▸ Work to be completed
The expected output is an exact copy of each line from the line with "Lululemon Free To Be Bra Wild, Size 10" through the end of the data below, with no pictures in it.

▸ Task input
· · · · ·

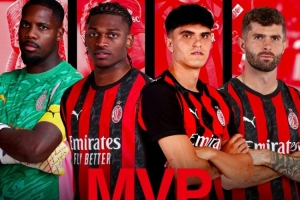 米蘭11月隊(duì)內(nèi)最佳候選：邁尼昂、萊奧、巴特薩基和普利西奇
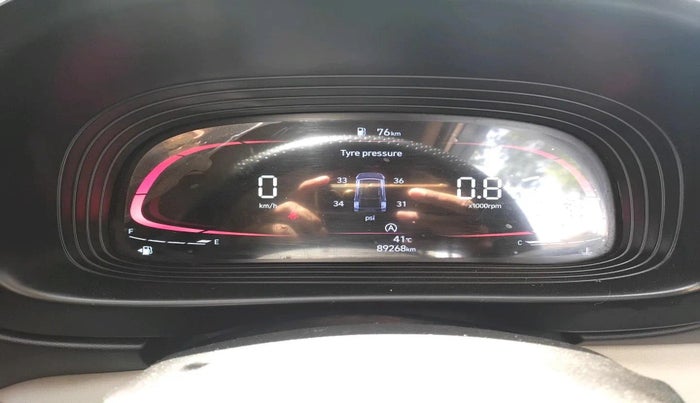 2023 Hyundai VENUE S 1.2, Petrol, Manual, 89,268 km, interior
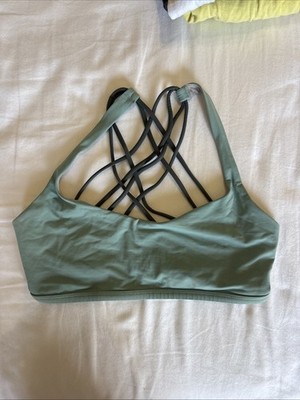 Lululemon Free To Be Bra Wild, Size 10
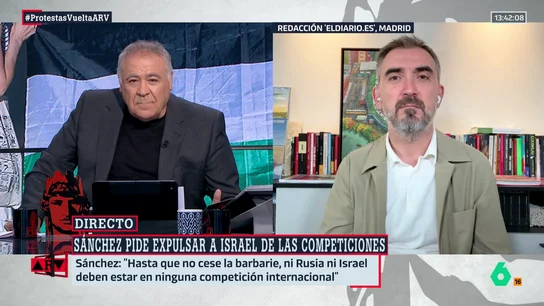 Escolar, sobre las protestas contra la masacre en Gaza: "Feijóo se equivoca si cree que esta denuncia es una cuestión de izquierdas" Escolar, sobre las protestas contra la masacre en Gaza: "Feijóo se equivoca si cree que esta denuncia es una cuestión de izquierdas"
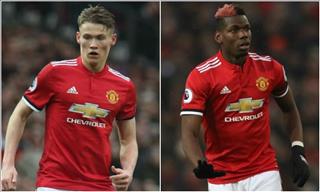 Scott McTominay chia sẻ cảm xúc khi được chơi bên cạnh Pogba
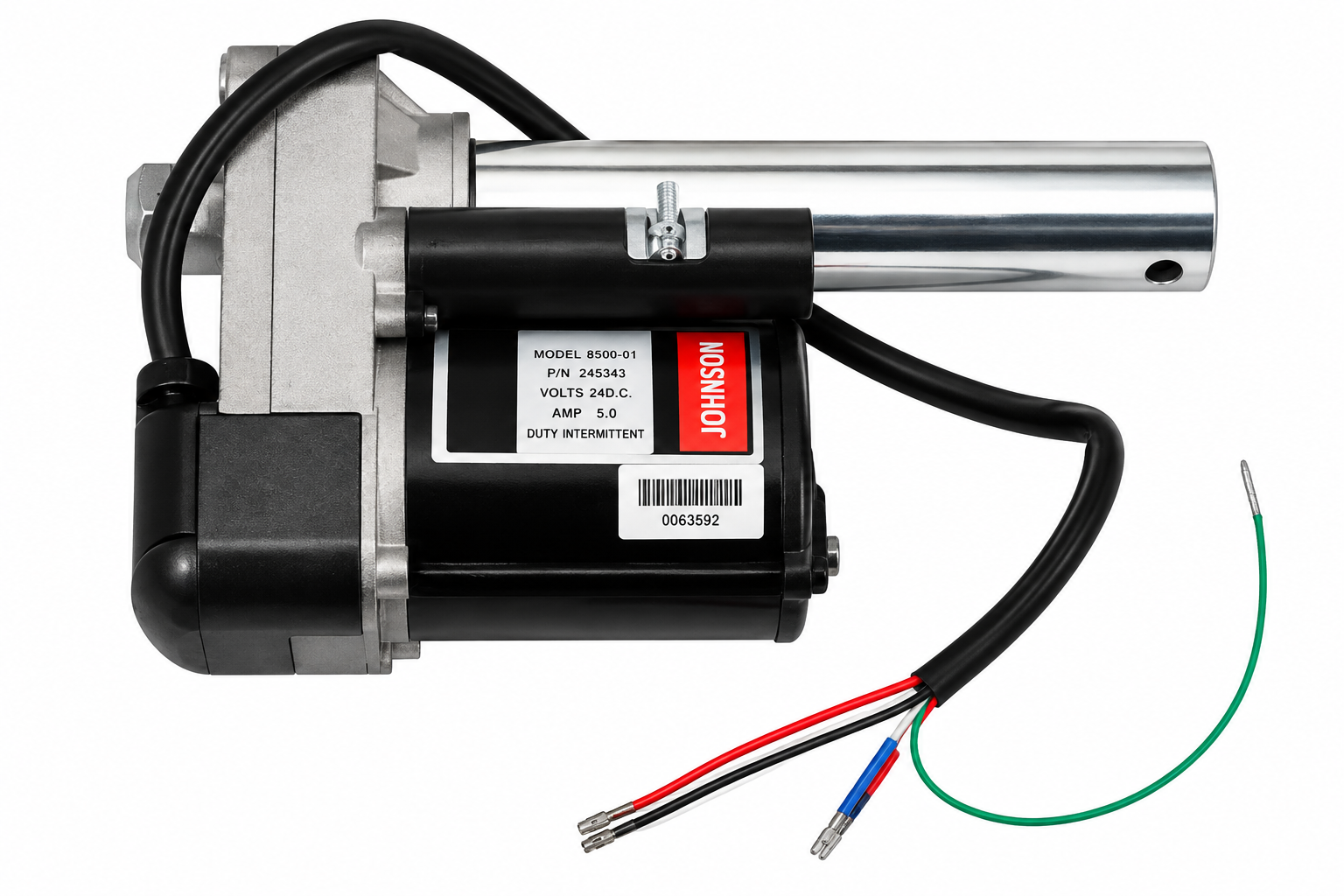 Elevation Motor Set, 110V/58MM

· · · · ·

▸ Response for this exercise
 Lululemon Free To Be Bra Wild, Size 10
 Escolar, sobre las protestas contra la masacre en Gaza: "Feijóo se equivoca si cree que esta denuncia es una cuestión de izquierdas" Escolar, sobre las protestas contra la masacre en Gaza: "Feijóo se equivoca si cree que esta denuncia es una cuestión de izquierdas"
 Scott McTominay chia sẻ cảm xúc khi được chơi bên cạnh Pogba
 Elevation Motor Set, 110V/58MM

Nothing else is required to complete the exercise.